Barry - Yes. So Martha's been chewing some minty chewing gum and I hope by now the mintiness has disappeared.
Martha - Yes and it's going a bit cardboardy and generally not very nice.
Barry - OK. So now what I'm going to do is I'm going to ask you to take it out of your mouth and roll it in this little mound of icing sugar that I've got in front of you and if you just pop that back and have a chew on it.
Martha - Urgh, choking on some icing sugar.
Barry - Tell me how it tastes now. Just keep chewing away for a moment or two. So what we're really investigating is the way that one sense has an impact on another. So, here we're talking about how taste might affect smell.
Martha - Mmm...Yeah, so it's definitely tasting newer again and yeah, the mintiness is coming back.
Barry - So the mintiness has come back and that's amazing because there is no mint in icing suger. So that's a strange effect. What you're getting is the fact that when you combine the sugar with the odour in your mouth, you get something super-additive that's more than the sum of the parts. You're not getting them both together, you're getting the sugar boosting your ability to detect mint and the mint seems to resume its presence.
Chris - Does this manifest anywhere else in the food industry? Do other manufacturers use this effect to enhance other flavours?
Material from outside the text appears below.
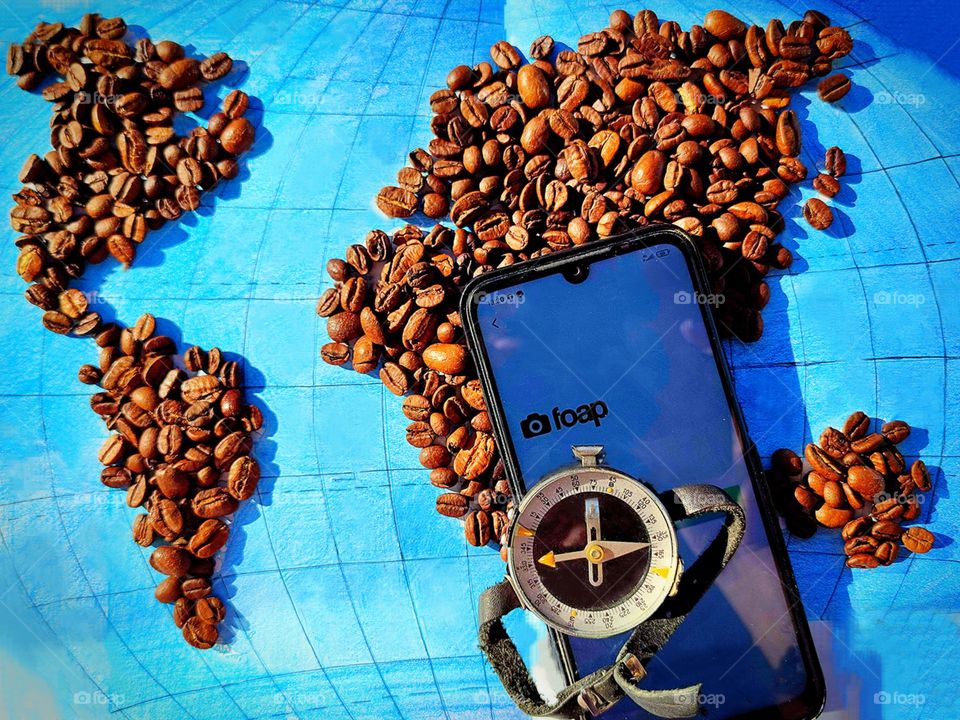 On the world map, large continents are laid out with black coffee beans: North America, South America, Africa, Eurasia and Australia. On the map is a cell phone with an open page "Foap" and a compass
Barry - Yes, and they do it often with smell to taste going in the other direction. So when you smell vanilla, people often say it smells sweet. And we know that if you're tasting a liquid, say, and get a vanilla aroma with it, it will taste sweeter. And that's, in fact why vanilla ice cream is much better to make than anything else, because you can use less sugar to produce it because you've got the vanilla smell to give us this sweet experience.
Chris - You can legitimately argue it's a diet ice cream.
Barry - It's a diet ice cream.
43:37 - How does the placebo effect work?
How does the placebo effect work?
with Karen Jensen, Harvard University; John Forrester, Cambridge University; Shane Glacken, University of Exeter
Martha:: The placebo effect is a reported improvement in a patient's condition in response to their own expectation that a drug or treatment will make them better. Even giving a person a pill containing sugar and nothing else can still produce powerful painkilling effects if the person believes it's an analgesic. So, what's going on in the brain to make this happen? I began by speaking with Harvard based research fellow in psychiatry Karen Jensen.
Karen:: The first study that provided the biological evidence for the placebo effect was done in the 70s by a researcher called Levine and he was able to show that he could block the placebo effect by giving people an antagonist for opioids.
Martha:: Opioid antagonists prevent opioid chemicals - for example, painkilling drugs like codeine and morphine - from binding to their receptors in the brain. This acts to lower the sensation of pain in the body. Levine showed that the placebo effect was also reduced when these opioid receptors were blocked, meaning that the analgesic placebo effect involves these chemical receptors just as much as chemical painkillers do. There are, however, some interesting differences in the brain during placebo and active analgesia treatments. Brain imaging studies by Jensen and her colleagues showed that the prefrontal cortex, the outermost layer of the front part of the brain, seems to play a stronger role in placebo treatments...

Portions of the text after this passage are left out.